Tuesday, September 19, 2017
Friday, September 1, 2017
Tuesday, August 29, 2017
I haven't done as much preserving as I had hoped lately. This late summer season has been incredibly busy - partly for good reasons (family vacations to see once-in-a-lifetime celestial events), and partly for really sucky reasons (my dad has been extremely ill and I've flown to Arizona twice). Plus, this year Hope is entering high school and there are all sorts of orientations and meet-and-greets to attend.
All this means I haven't had time to get to the Gleaner's Pantry as much as I usually do, and therefore haven't had loads and loads of produce to can, totally aside from the question of time. However, I've done a bit here and there. Last week I made four cups of fig jam, and today I've canned three quarts of salsa.
1 Gallon dried apricots
3 gallons kosher dill pickles
1 gallon pickled green beans (lacto-fermented)
9 quarts apple-blackberry sauce
3 pints pickled beets
6 pints blackberry jam
4 cups rosemary-fig jam
11 quarts salsa ranchera
Cheesemaking doesn't count as preserving because we have to eat it fresh, but I've made some chèvre recently too. And soon we will be into apple season and I am planning to press a lot of cider. A new friend of mine lives nearby and has about twenty apple trees - enough that it makes sense to being the press to the apples rather than the apples to the press. We are going to make a day of it. And I think I will brew hard cider again this year, and that definitely counts as preserving.
Saturday, August 26, 2017
Sunday, August 13, 2017
Thursday, August 10, 2017
Thursday, August 3, 2017
Friday, July 14, 2017
High Summer is upon us. Although I have yet to change the altar - it's still dressed with the kids' report cards and end-of-school paraphernalia - the preserving season has begun, and cannot be ignored.
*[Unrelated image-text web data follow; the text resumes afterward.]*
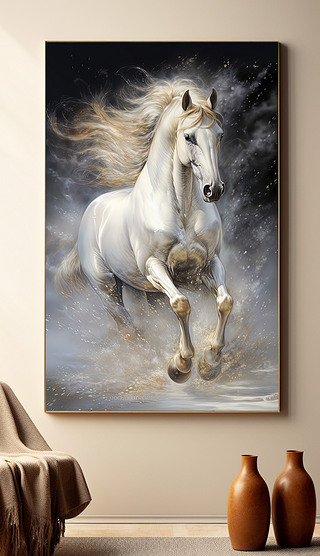 马到成功装饰画奔跑的大白马装饰画骏马挂画
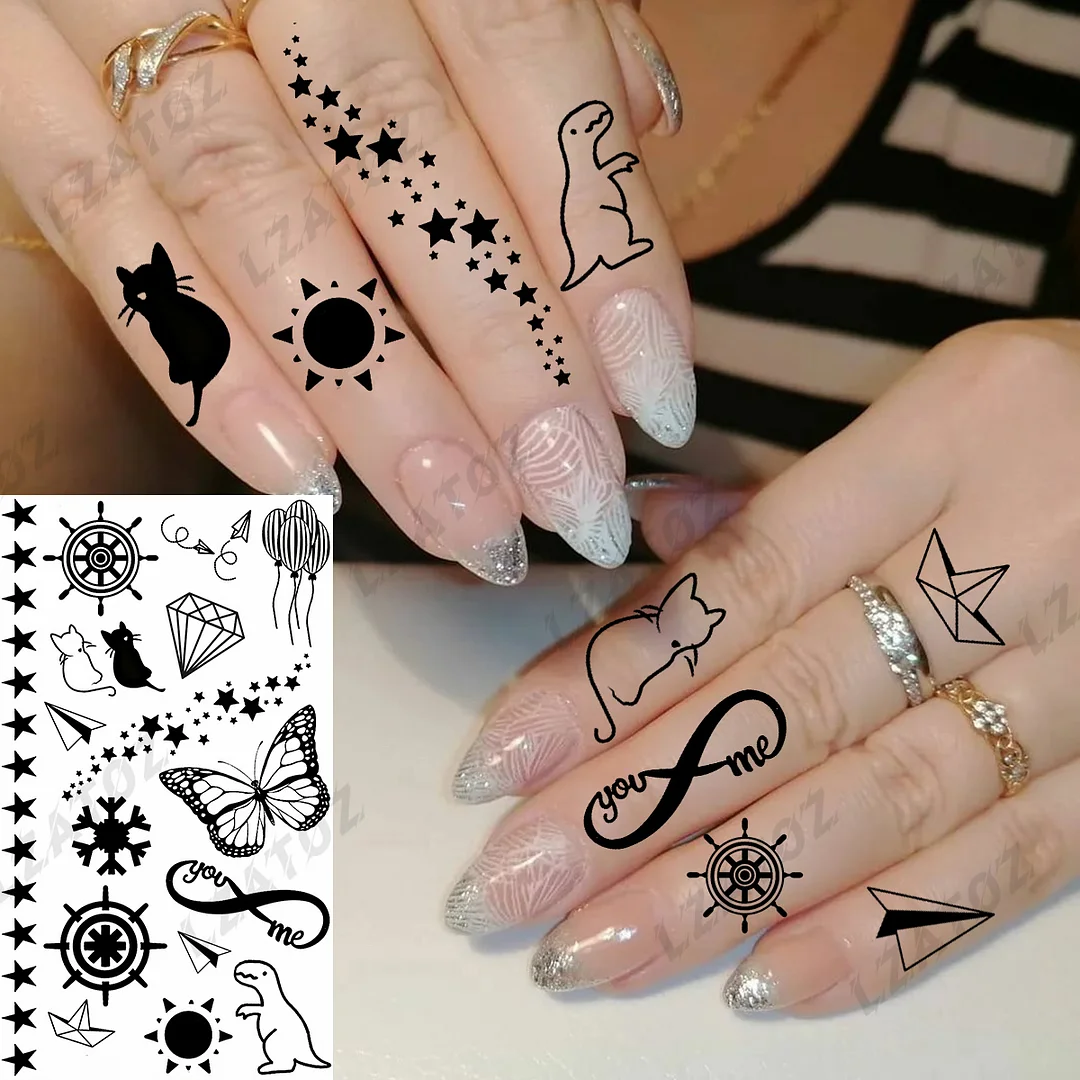 Sdrawing Eye Flower Temporary Tattoos For Woman Adults Rose Butterfly Tiny Fake Tattoo Sticker 3D Finger Waterproof Tatoos
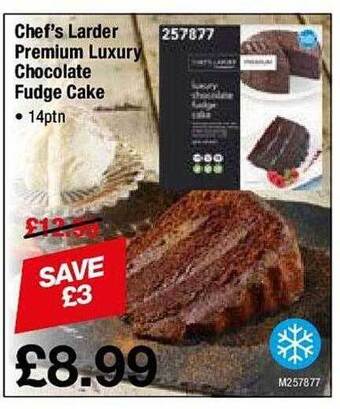 Makro Chef's larder premium luxury chocolate fudge cake offer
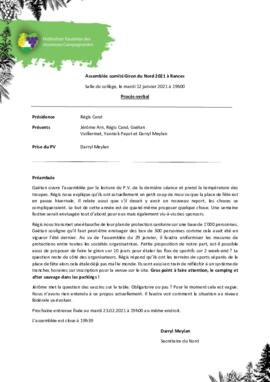 Procès verbal, Assemblée Comité Nord, Rances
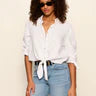 SANCTUARY White More Love Linen Tie Top
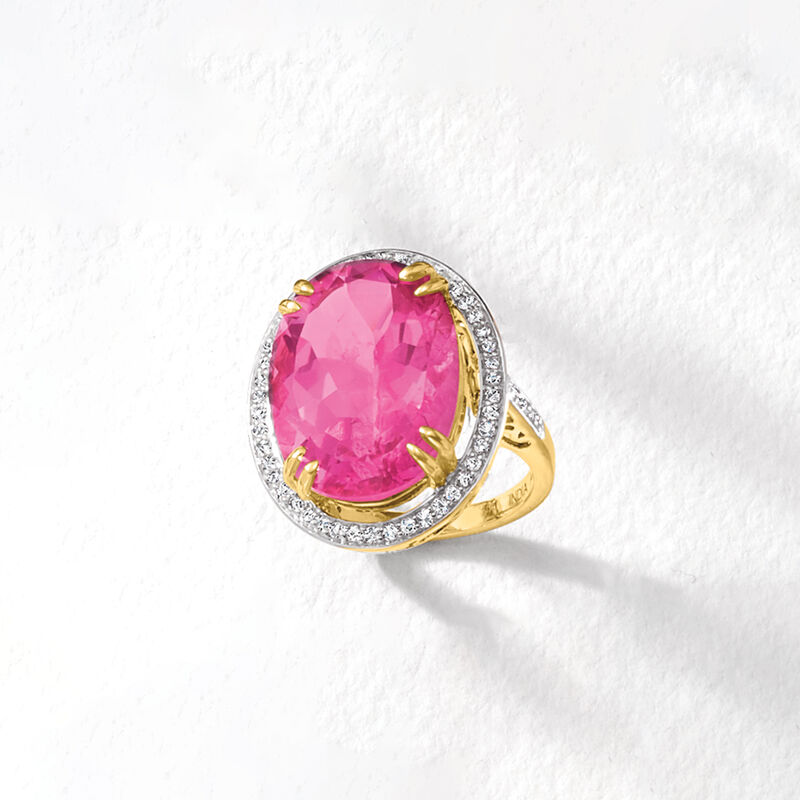 20.00 Carat Pink Topaz and .52 ct. t.w. Diamond Ring in 14kt Yellow Gold image number 4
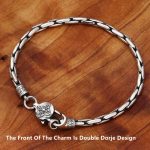 Buddha Stones Tibetan Double Dorje Om Mani Padme Hum Buddha Swastika Vajra Strength Bracelet Bracelet BS 4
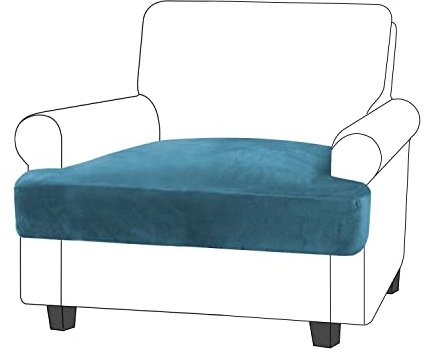 Turquoize Velvet T Cushion Chair Slipcover T Cushion Covers for Living Room Armchair Sofa Cover T Shape Cuchion Slipcover Chair Seat Covers with Elastic Bands, (1 T-Cushion, Peacock Blue)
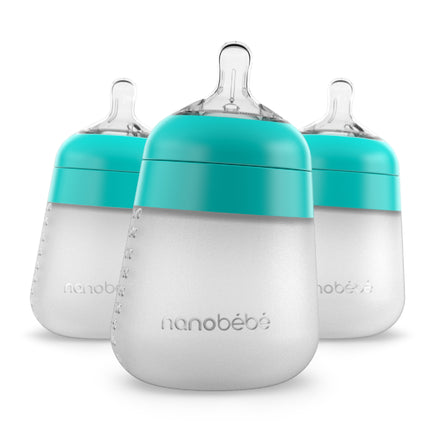 Flexy Silicone Baby Bottle, Teal, 3 pack
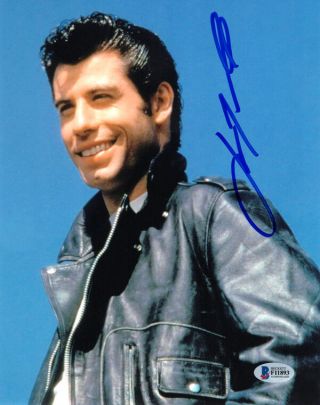 John Travolta Signed Autographed 8x10 Photo Danny Zuko Grease Rare Beckett Bas
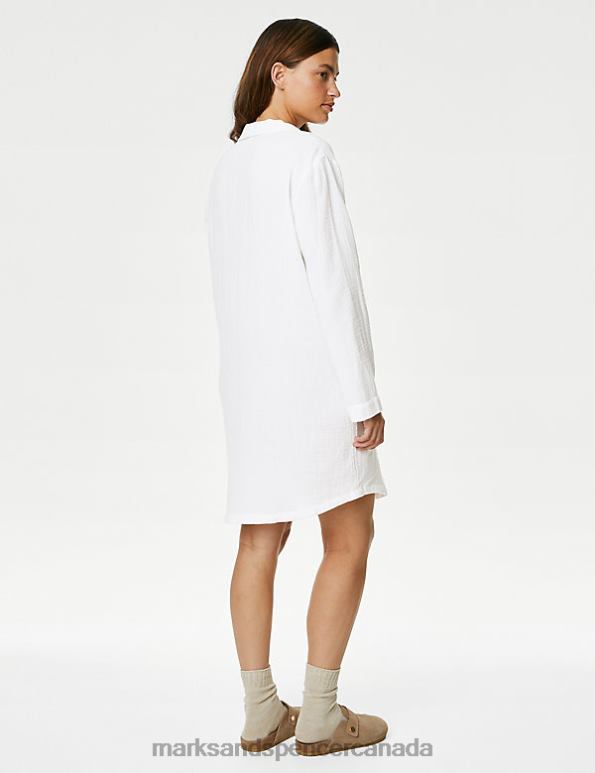 Unisex White Lingerie Marks & Spencer Pure Cotton Muslin Revere Nightshirt 20VTD3416 - Marks and Spencer Canada locations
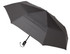 A black umbrella with an automatic open and close feature, featuring a curved handle and a brand logo.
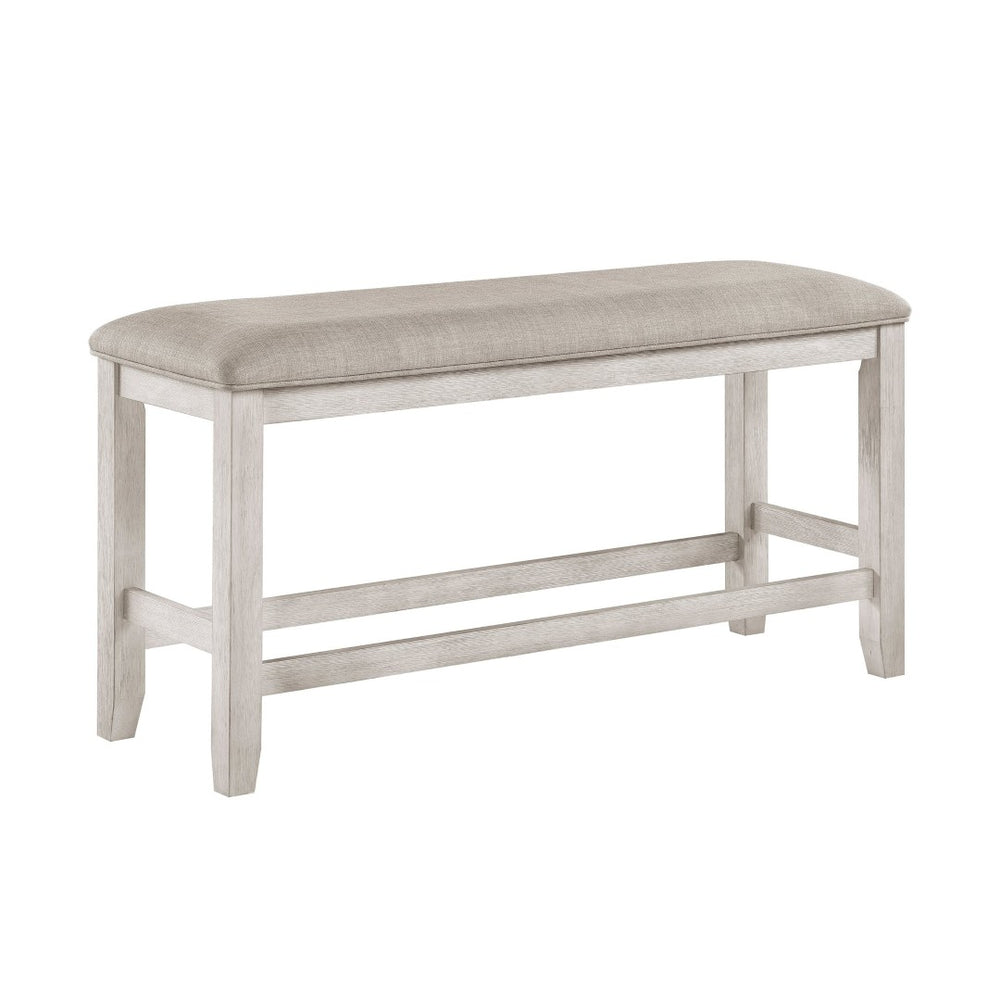 English Elm Modern Farmhouse Counter Height Bench Whitewashed Wood Frame Gray Upholstered Seat B011P416555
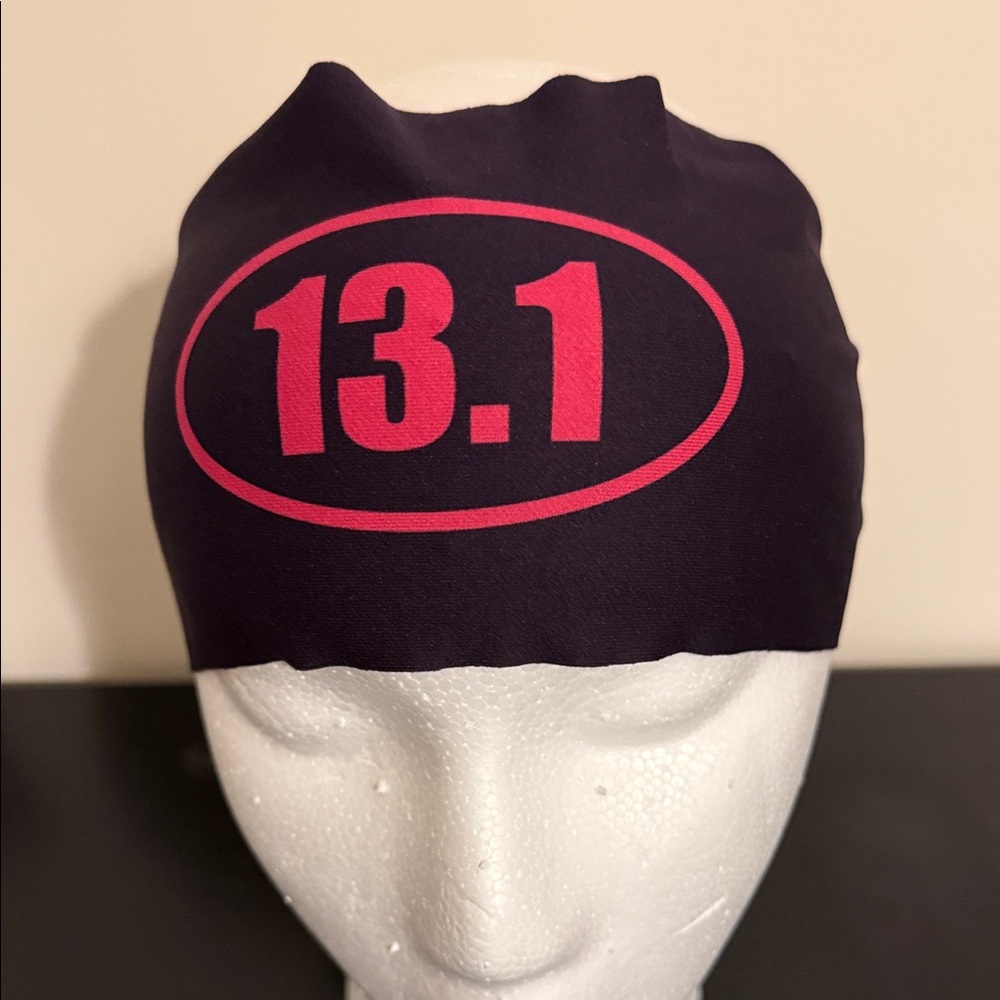 Black 13.1 in pink Half Marathon 4" Bondi Band Headband NEW "No Drip" "No Slip"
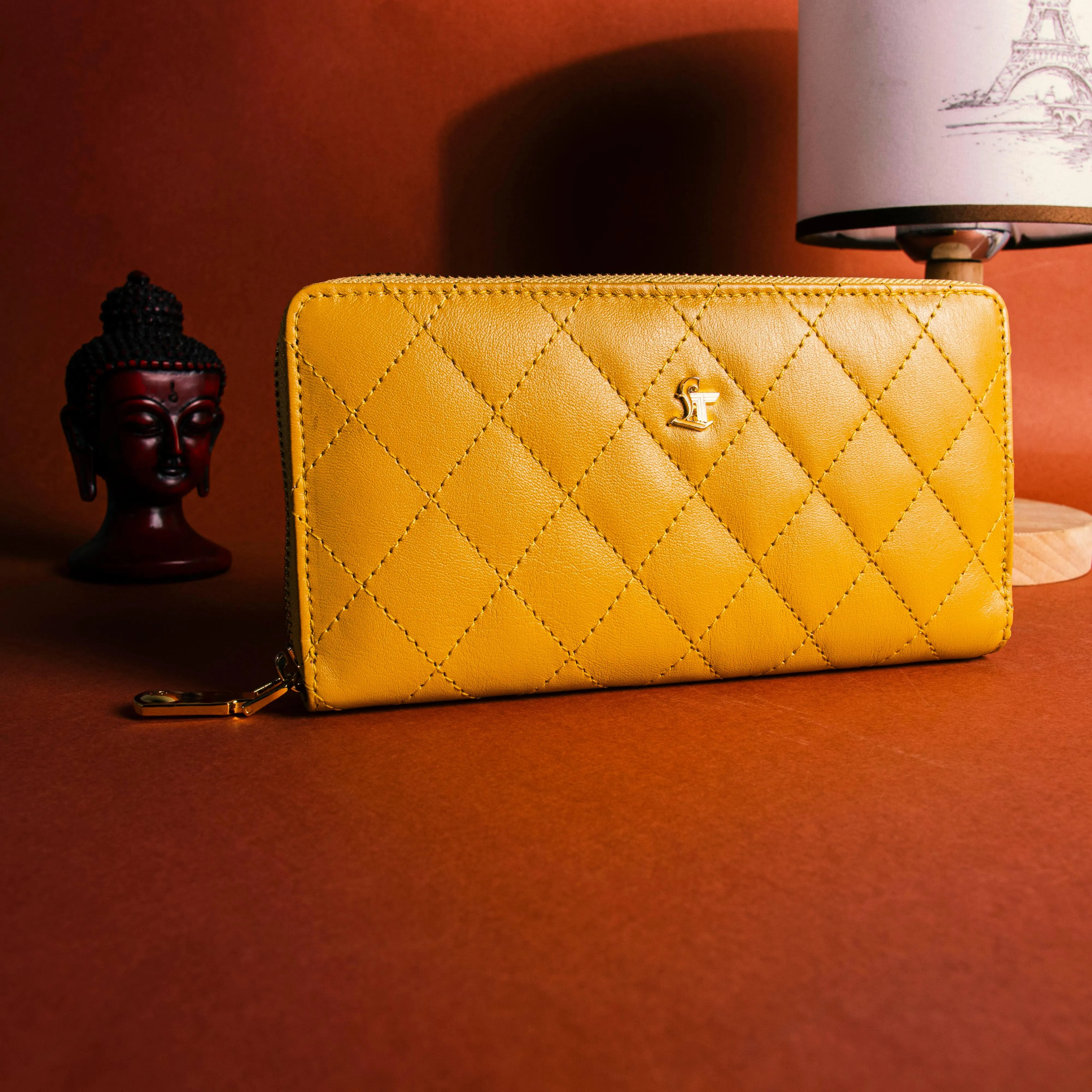 Palm | Leather Wallet for Women | 100% Genuine Leather | Color: Purple, Blue, Green, Orange, Red, Cherry, Pink, Beige & Yellow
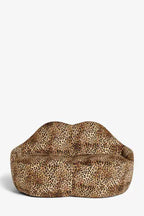 Leopard Print Velvet Lips Sofa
This year, I've decided to try and keep an accurate record of all the preserving I do. So far, I had only posted one entry, and that consisted of:
Four quarts salsa ranchera
four pints pickled jalapeños
three pints pickled beets (all from a single beet bigger than baby's head)
Today I can add:
four MORE quarts salsa ranchera
three gallons kosher dills
for a running total of eight quarts salsa; 4 pints jalapeños; three pints beets; and three gallons dill pickles.
This is not counting cheese, since I still haven't figured out how to "preserve" cheese for longer than a few weeks. We either eat it fresh, or it molds.
Pickles make me happy. I love real lacto-fermentation, and I love real kosher dills. Last year, I made a ridiculous quantity of pickles; far more than we could eat, but luckily I found a neighbor who owns a dairy and cheesemaking operation who traded me pickles for cheese. Cheese that can, unlike my own, be stored and aged. Hopefully she is still interested in pickles this year, because three gallons of pickles is a lot.
Thursday, July 6, 2017
It's been a hard week on the farm for animals. Aside from Haku's accident on the highway (not fatal, thank God), we have had to put down two other animals. My daughter's pet ferret, Commodore, who was seven years old and full of tumors, and Rosie Pony.
Whatever sort of equine Rosie had been crossed with, it wasn't a shetland pony. Poppy quickly grew to be larger than her dam. And kept growing. Eventually, she grew into a sturdy 12 1/2 hands. Rosie was an excellent mama. For years I tried to interest my children in riding. They showed a few fits and starts of interest, but neither of them showed the kind of sustained interest that would justify putting large amounts of money into professional training for Poppy. So eventually, a couple of years ago, I decided to give her away to a family who would invest the time and money into her her that we couldn't. It was very sad, but I don't doubt it was the right decision. The family I chose, after much deliberation, has three little girls of just the right ages to grow up with a pony, and a next door neighbor and family friend who is a horse trainer. They promised to let me visit Poppy sometimes.